Third Line of Defense: Central Backup Server and Warm Standby
In addition to synchronizing ZFS snapshots of VM images accross pyhsical sites, I use BorgBackup to automatically backup critical user data, e.g. from my NextCloud systems once a day. Should I have a fatal failure at one site, I can apply this data to a warm standby system via a differential restore. This is important, as we are talking about hundreds of gigabytes that can’t be pushed from the backup server to a new site instantly.
Fourth Line of Defense: Offline Backups
‘Central backup’ and ‘online’ sound great, but I can imagine scenarios in which the backup server is affected by an outage or attack at the same time as my running services, and restoration from the backup server is not possible. For such scenarios, I periodically create manual offline backups to 16 TB disk drives of pretty much all of my data with scripts while keeping a close eye on the process. These drives are then stored off-site and not connected to any kind of server. I would perhaps loose a week’s worth of data if I ever needed such backups, but the scenarios which would make a fallback to these backups necessary are rather dire and hence make a loss of week’s data seem a rather small issue in comparison.

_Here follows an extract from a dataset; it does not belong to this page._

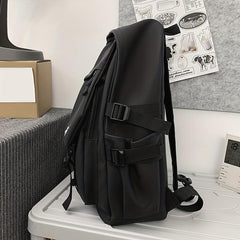 Student Classic Nylon Backpack For Daily Commuting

Fifth Line of Defense: Document File Snapshots
I’m sure you know the following scenario: You’ve been working on an important document and at some point something has gone really wrong and you need an earlier version. For such a scenario I have a script on my notebooks that runs every 30 minutes and searches for text, spreadsheet and presentation documents that have changed within the last 30 minutes. A copy of these files is then put into a ZIP archive that has the current time and date in its filename. As such documents are usually rather small, the ZIP files can be stored for a very long time. This way, it is then also possible to quickly answer questions like: Can I get back a text document in the state it was two months ago? You can even find out on which days you have worked on the file and compare what has changed between two copies. I don’t use this often but getting these kinds of details and older versions of files have helped me numerous times in the past decade.

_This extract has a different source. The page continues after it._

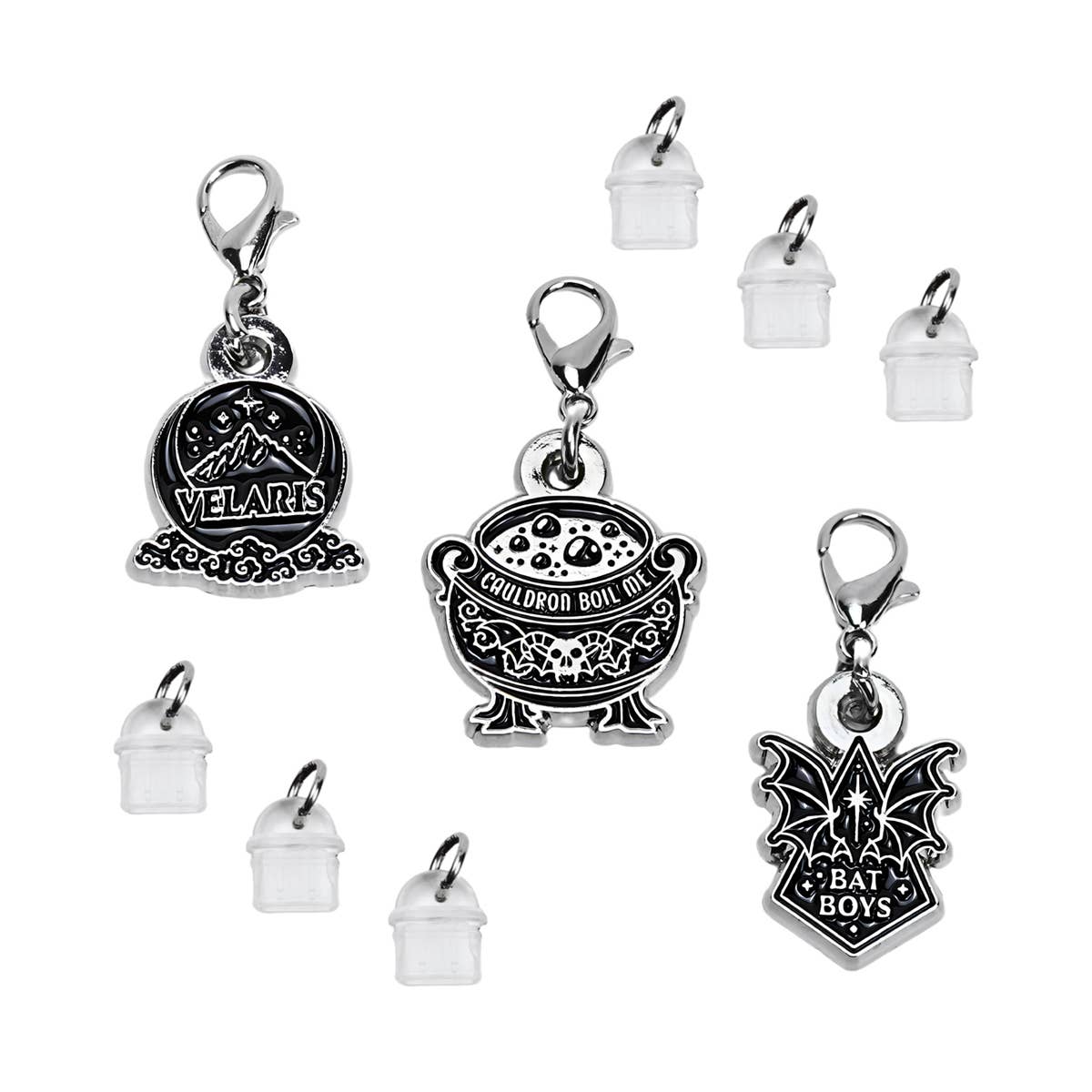 A Court of Thorns and Roses Dust Plug Charms (3-Pack)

Sixth Line of Deference: Cold Standby NVMes
And I further go down the beanstalk and also have protection against the physical loss or failure of a notebook while traveling. I usually carry a spare notebook in my suitcase and an NVMe in an external casing that has a 1:1 copy of my complete system. All encrypted of course. The data on the ‘notebook on the NVMe’ is brought up to date before I travel, so loosing a notebook becomes a non-issue again. And believe it or not, I once forgot my backpack in a train! Panic set in when I noticed that the notebook was gone, but by then, the train was gone. But while I didn’t quite fully relax, I just used the backup notebook in the suitcase, inserted the drive with the data I updated on it just the day before and I was up and running again. In another instance the notebook of a family member was stolen in a café. You can imagine the panic. But the last automatic differential backup of the data on that notebook over the Internet was just 2 hours old and that’s the only data that was lost. I packed a spare notebook and the latest backup, jumped into a train and service was restored within 5 hours.
Summary
So here we go, lots of approaches to protect against many scenarios for data loss, from hardware fault to software issue, theft and loss. I wished there was one simple way of doing it all, but if you want to protect yourself against different kinds of scenarios, one strategy will not help you.